Yu Ji, Untitled, 2023
We are pleased to announce the release of the first edition of CCA Berlin, a unique work by artist Yu Ji, who had her first solo exhibition in Germany titled Miss Shell, Delta, and Two Noughts at CCA earlier this year! For inquiries please write to info @ cca.berlin
Yu Ji
Untitled, 2023
Silkscreen printing, pencil on tracing paper
42 x 42 cm
Edition of 23 + 2 AP, signed and dated
Price: 650,– Euro (excl. VAT, excl. Frame)
About the work:
The work was created at the end of the artist’s residency at CCA Berlin in spring 2023, taking a corner of space from her solo exhibition as backdrop, referential site and sampling material. The photo underneath shows one of the new works from her ongoing sculptural series Flesh in Stone, a casted pregnant torso, half superimposed by penciled contours and hand-traced curves tilted slightly at an angle, like a ghost twisting away from flesh, or faded memories of a mother’s body. The resulting image seems much more transformative than self-referential or derivative, its distinct doubleness capable of suspending our gaze in a realm of in-between – between formality and materiality, shape and presence, body as a thing and its lived experiences and nooks of intimacy.
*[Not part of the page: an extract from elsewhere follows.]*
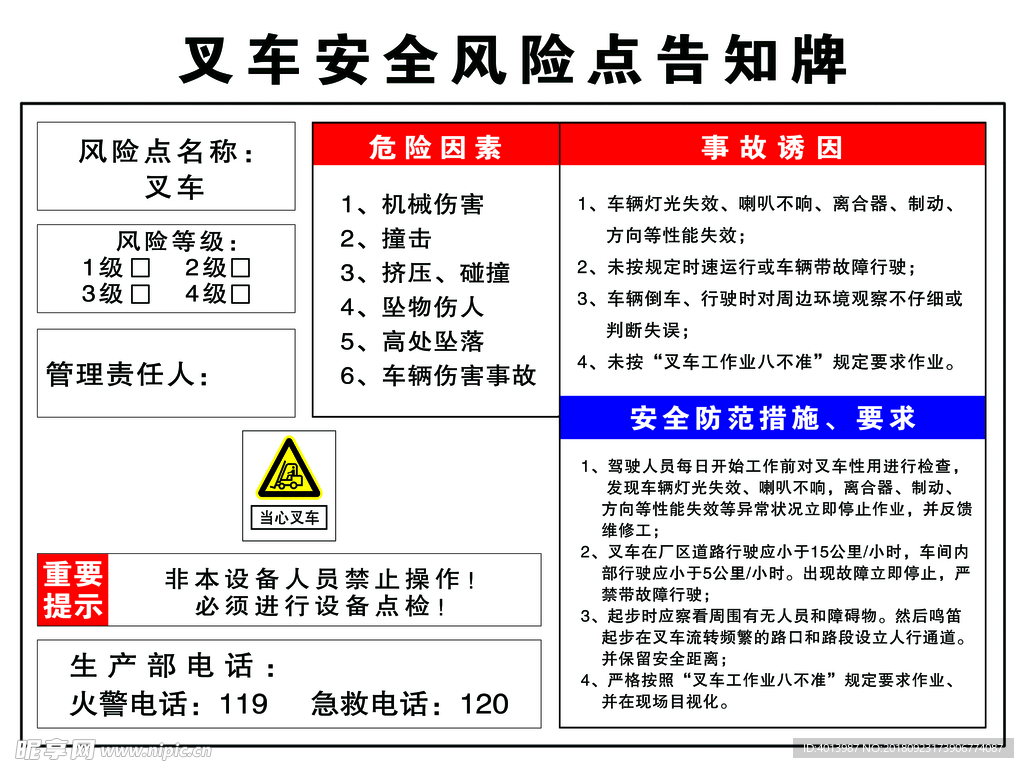 叉车安全风险点告知牌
On the other wall, an almost indiscernible still image from a video work hints at a pair of moving hands frozen into a caress of light. The perpendicular angle as a motif repeats itself in the hands, the meeting of walls, the angle of the turning body and the layering of papers, the geometric clarity of which co-exists with a permanent soft blur that evades visibility, as if we can only perceive the work via feeling and touching.
About the artist:
Yu Ji (b. 1985, Shanghai, China) is known for her diverse practice that spans sculpture, installation, performance and video. Much of her work is motivated by the investigation of the concept of place and its relation to body, and the capacity for specific loci to be charged with geographical and historical narratives. She frequently conducts field research to reflect upon and interrogate the place of the body within everyday environments.